Bundestagswahl 2021:Wahl zur 20. Legislaturperiode des Deutschen Bundestages
Termin:26. September 2021
Art der Wahl:geheim
Kanzlerkandidaten:Armin Laschet, Annalena Baerbock, Olaf Scholz

Klimaschutz sei kein Nischenthema mehr, sondern eine „Überlebensfrage für die Menschen“, sagte der niedersächsische Bundestagsabgeordnete Sven-Christian Kindler (Grüne) in einem Interview mit kreiszeitung.de zu den Folgen der Klimakatastrophe. Die Deutschen hätten die Wahl zwischen einer Klimakanzlerin oder zwei Kohlekanzlern. Doch hat er recht damit? Wie wollen die Parteien die Klima-Katastrophen abwenden? Hier der Überblick:

Bundestagswahl 2021: Was tun SPD, CDU, FDP, Grüne, Die Linke und AfD für den Klimaschutz?

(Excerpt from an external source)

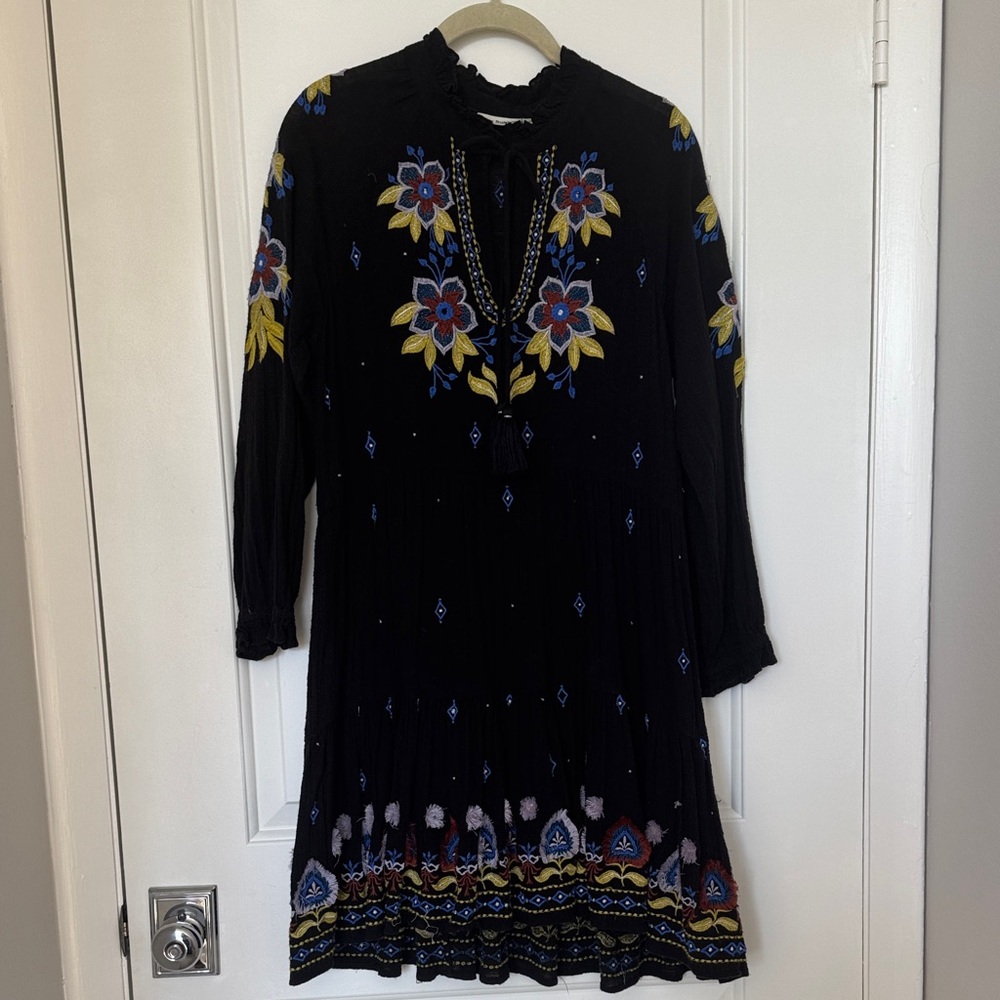 Roller Rabbit Black Dress with Floral Embroidery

Tatsächlich ist die Klima- und Umweltpolitik das Wahlkampfthema Nummer eins. Zwar drehte sich in den vergangenen Wochen viel um die persönlichen Fehler der drei Kanzlerkandidaten Annalena Baerbock (Grüne), Olaf Scholz (SPD) und Armin Laschet (CDU). Doch den Wählerinnen und Wähler geht es durchaus mehr um Inhalte, wie eine Umfrage der Forschungsgruppe Wahlen im Vorfeld der Bundestagswahl belegt. So nannte eine Mehrheit der Befragten den Klima- und Umweltschutz als wichtigstes Kriterium für die Wahlentscheidung.

Plädieren in ihren Wahlprogrammen für mehr Klimaschutz nach der Bundestagswahl: die Kanzlerkandidaten Armin Laschet (CDU), Annalena Baerbock (Grüne) und Olaf Scholz (SPD). (Montage von kreiszeitung.de)

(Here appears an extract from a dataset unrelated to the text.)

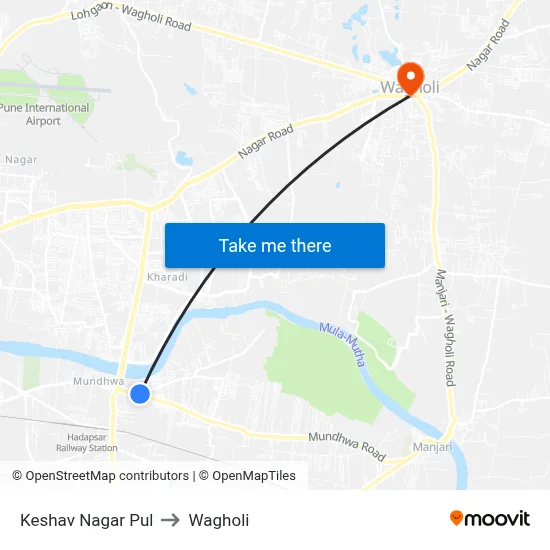 Keshav Nagar Pul to Wagholi map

Alle großen Parteien, die eine Chance auf Einzug in den Bundestag haben, haben in ihren Wahlprogrammen darauf reagiert. So bekennen sich CDU, SPD, Grüne, FDP und Linkspartei zur Erreichung des 1,5-Grad-Ziels des Klimaabkommens von Paris. Einzige Ausnahme: die AfD. Doch für die anderen ist klar: Es muss was passieren. Doch damit enden auch schon die Gemeinsamkeiten. Denn der Weg, wie sich die Erderwärmung trotz düsterer Prognosen möglichst schnell stoppen lässt, ist äußerst umstritten.

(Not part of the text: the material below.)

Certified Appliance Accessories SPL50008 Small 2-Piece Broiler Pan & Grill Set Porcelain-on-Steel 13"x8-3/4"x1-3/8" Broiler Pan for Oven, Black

Umweltschutz: Laschet, Baerbock und Scholz ringen um den Kohleausstieg für das 1,5-Grad-Ziel

Ausbau der erneuerbaren Energien, Förderung der Elektromobilität, Umbau der Industrie auf Klimaneutralität – das sind alles Maßnahmen, mit denen der Ausstoß der Treibhausgase reduziert werden sollen. Doch über die Geschwindigkeit gibt es unterschiedliche Vorstellungen. Enormes Einsparpotenzial bietet etwa der Kohleausstieg.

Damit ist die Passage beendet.